You know, its ironic really. Just about two hours ago, I was talking with Dan, and shared with him that I was finally starting to feel a bit of relief financially. That had been true. The dark clouds were receding, and I was starting to feel the warmth of hope.
Then the mail came.
Insurance costs at work just about doubled.
There goes the cushion.
There goes the budget.
No matter what I do, how I add it, we are back to being over budget. By $100 a month. Thats with minimal bills, nothing extravagant, one vehicle, home cooked meals bought at the cheapest grocery store in town.

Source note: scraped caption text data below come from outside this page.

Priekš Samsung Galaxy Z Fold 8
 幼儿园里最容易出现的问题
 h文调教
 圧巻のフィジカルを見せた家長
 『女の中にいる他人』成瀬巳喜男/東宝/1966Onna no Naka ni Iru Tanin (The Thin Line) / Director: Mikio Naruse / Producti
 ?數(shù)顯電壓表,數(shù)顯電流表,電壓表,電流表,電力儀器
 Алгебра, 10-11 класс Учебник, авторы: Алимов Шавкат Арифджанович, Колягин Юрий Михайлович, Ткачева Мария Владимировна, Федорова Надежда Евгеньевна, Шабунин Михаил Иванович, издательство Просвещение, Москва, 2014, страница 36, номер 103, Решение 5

It doesnt account for new clothes for growing kids, or for a savings account for the “bad day”. It doesnt account for the bigger home we will need very very soon. It doesnt account for any trips, vacations, household needs or fun outings for kids who go nowhere as it is.
When Dan got hired at HP, I was thrilled. I did the math and was pleased to see that our once negative budget was going to have a chance to wiggle, just a wee bit. I had hope that we could afford a crib for Claire, and maybe down the road a new sofa, maybe even a small family vacation, just to get away for a bit, from everything that has haunted us the last year.
Days like this make me hate my life.
All I want is a stress-free life. One in which I can give my kids the little things they want and deserve. One in which I am not 150% stressed 150% of my day. All I want is to be able to look at my bank balance and not have to wonder if I have calculated to the penny, to be sure that all bills clear.
Everyone keeps telling me it will get better, we will be ok, we will make it, good things happen to good people.
Does anyone know when that might happen? Because my calendar isnt showing any such appointment with ” a life of simple comforts”.